By default, `launch()` will run the function on all
TPU devices. If you want a single process, set `debug_single_process=True`:
`launch(..., debug_single_process=True)`.

[This
file](https://github.com/ssusie/diffusers/blob/main/examples/text_to_image/inference_tpu_multidevice.py)
illustrates how xmp.spawn can be used to run stable diffusion 2.1
version on multiple TPU devices. For this example, changes were made to the
[pipeline](https://github.com/huggingface/diffusers/blob/main/src/diffusers/pipelines/stable_diffusion/pipeline_stable_diffusion.py)
file.

## Running on Pods

Once you have the code for running on a single host device, there is no
further change needed.
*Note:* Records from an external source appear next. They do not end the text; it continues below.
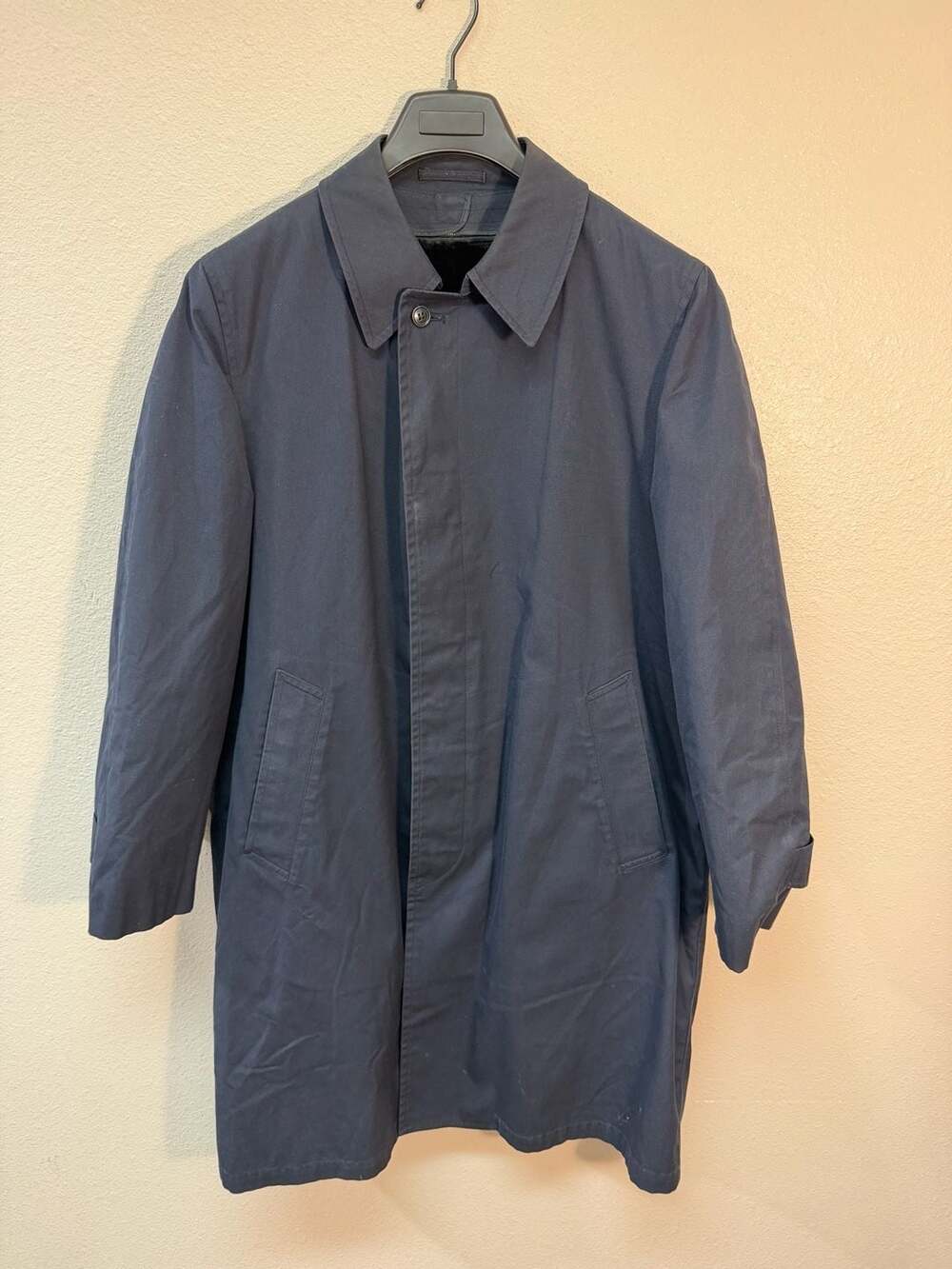 USALondon Fog Vintage Maincoats Navy Trench Coat Size 40 Reg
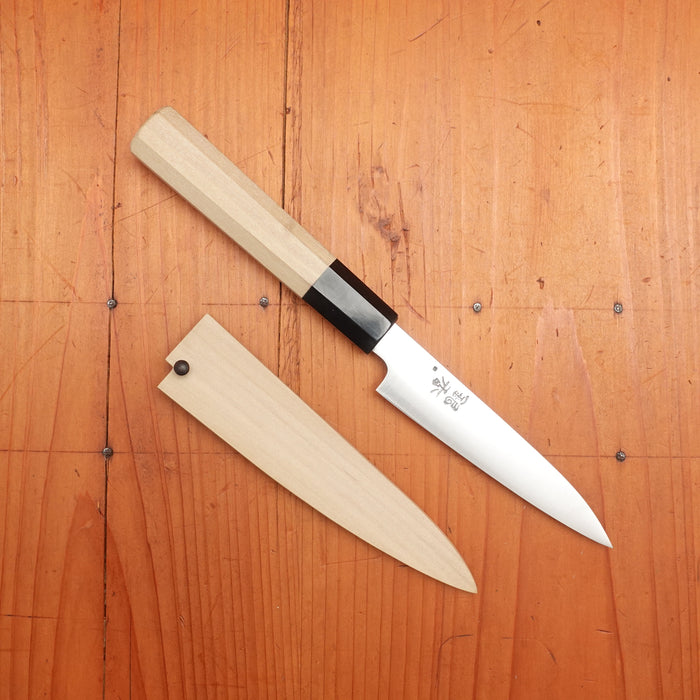 Ashi Hamono Ginga 120mm Wa Petty Swedish Stainless with Saya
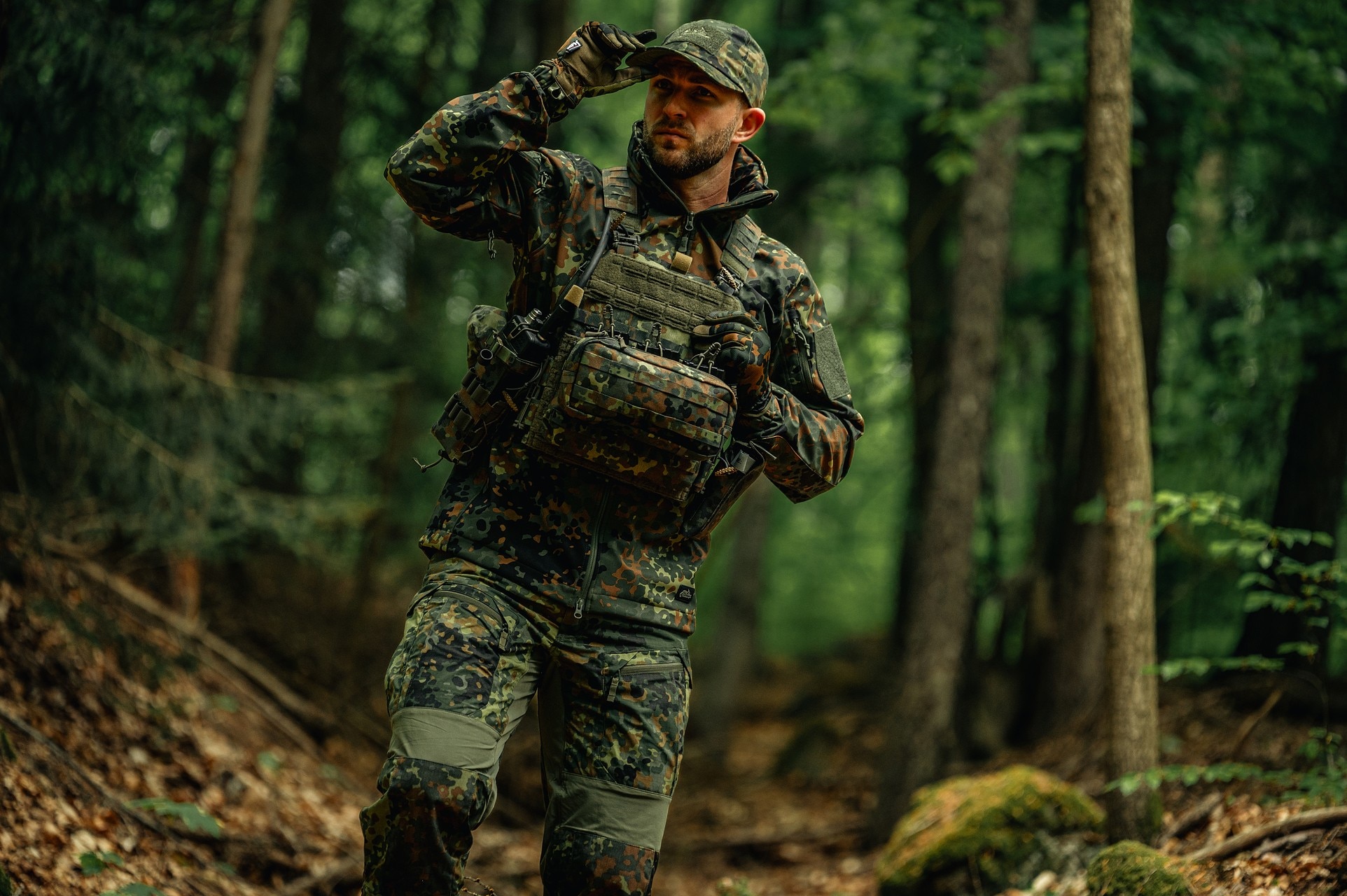 Tasca porta radio Lindnerhof Multi-Radio Pouch Large MX099 - Flecktarn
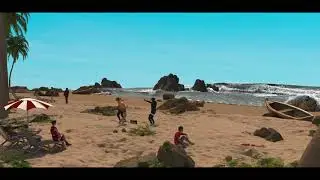 Beach! (3dsMax PhoenixFD)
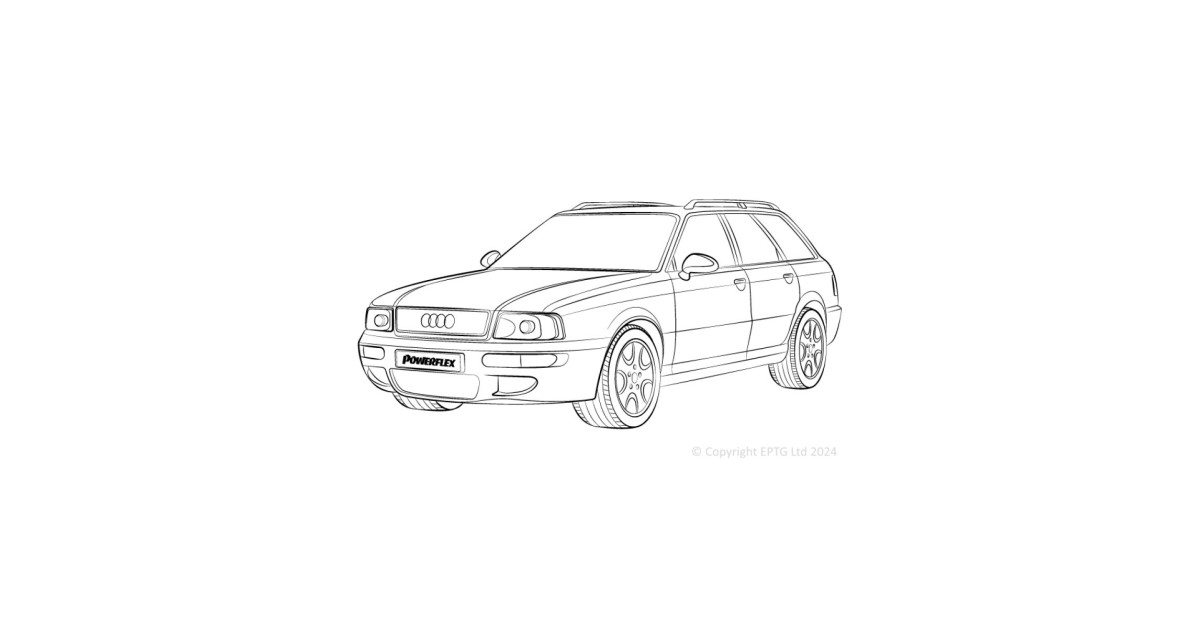 Boccole Powerflex Audi 80, 90 Quattro inc Avant (1992-1996), S2 inc Avant B4, RS2 B4 (1994-1996)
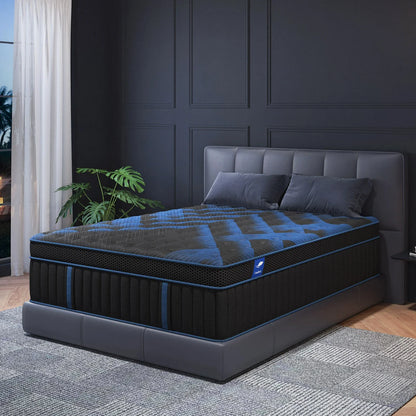 Gel Memory Foam Hybrid Mattress - 12" Pocket Spring Medium Firm Mattress in a Box with Motion Isolation for Twin, Full, Queen & King Beds
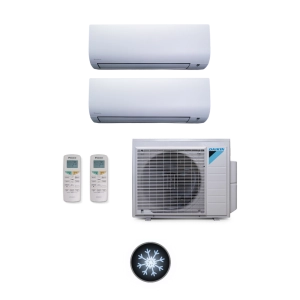 Ar Condicionado Multi Split 2 Ambientes 18000 Btus Inverter Lite Daikin com 2 Hi Wall 9000 e 12000 Frio 220V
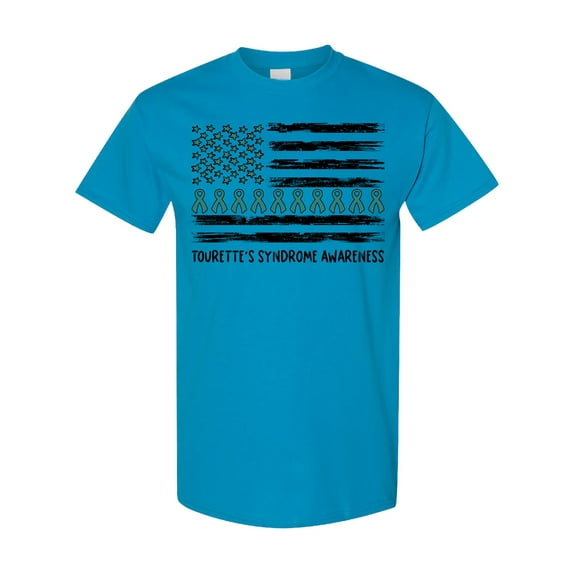 Inktastic Tourette's Syndrome Awareness Flag with Ribbons T-Shirt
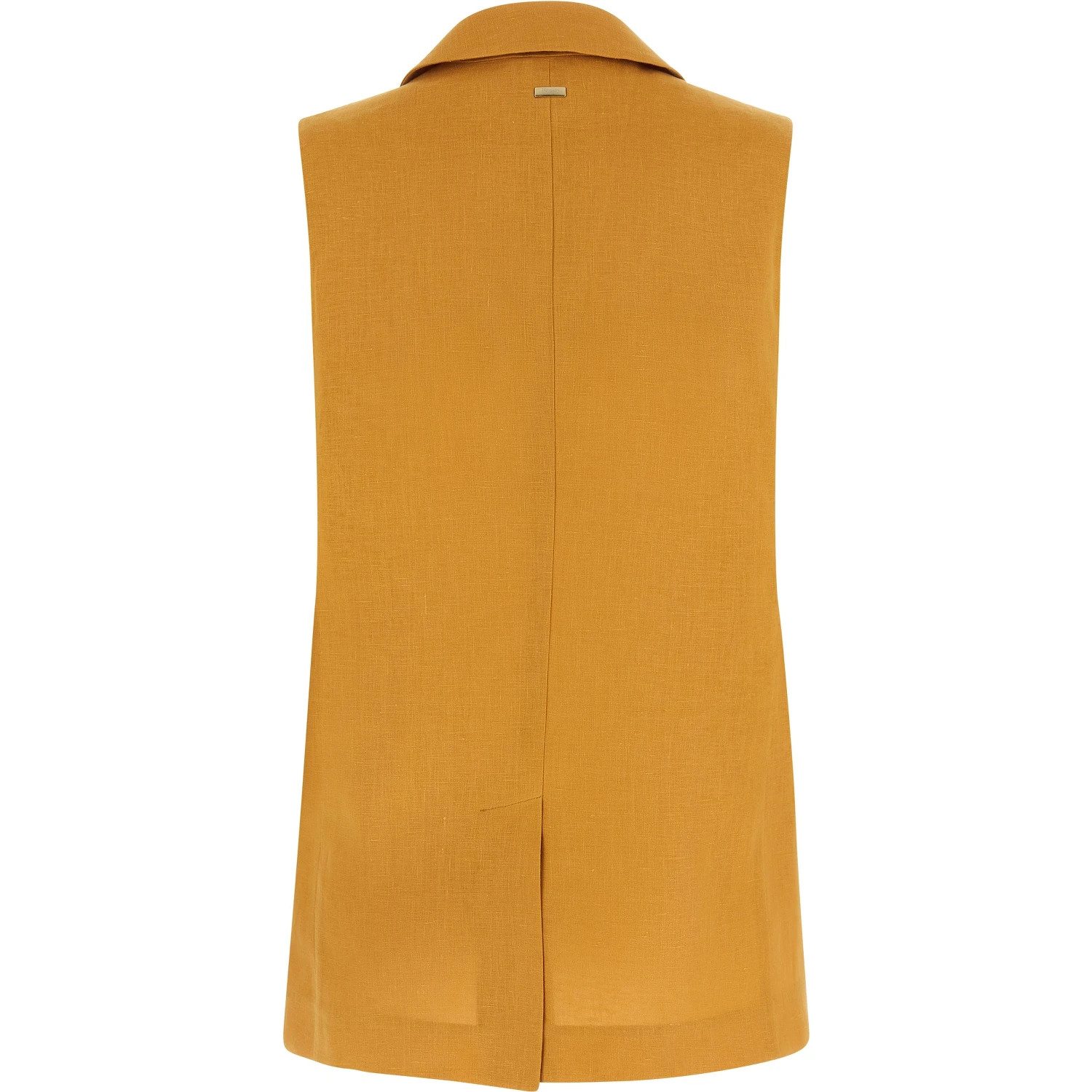 Bicolor Linen Sleeveless Jacket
You can create the TPU pod, for example, by
following these
[instructions](https://cloud.google.com/tpu/docs/pytorch-pods#create-tpu-vm).
Then run your script with

``` bash
gcloud compute tpus tpu-vm ssh ${TPU_NAME} \
  --zone=${ZONE} \
  --worker=all \
  --command="python3 your_script.py"
```

## Reference implementations

The [AI-Hypercomputer/tpu-recipes](https://github.com/AI-Hypercomputer/tpu-recipes)
repo contains examples for training and serving many LLM and diffusion models.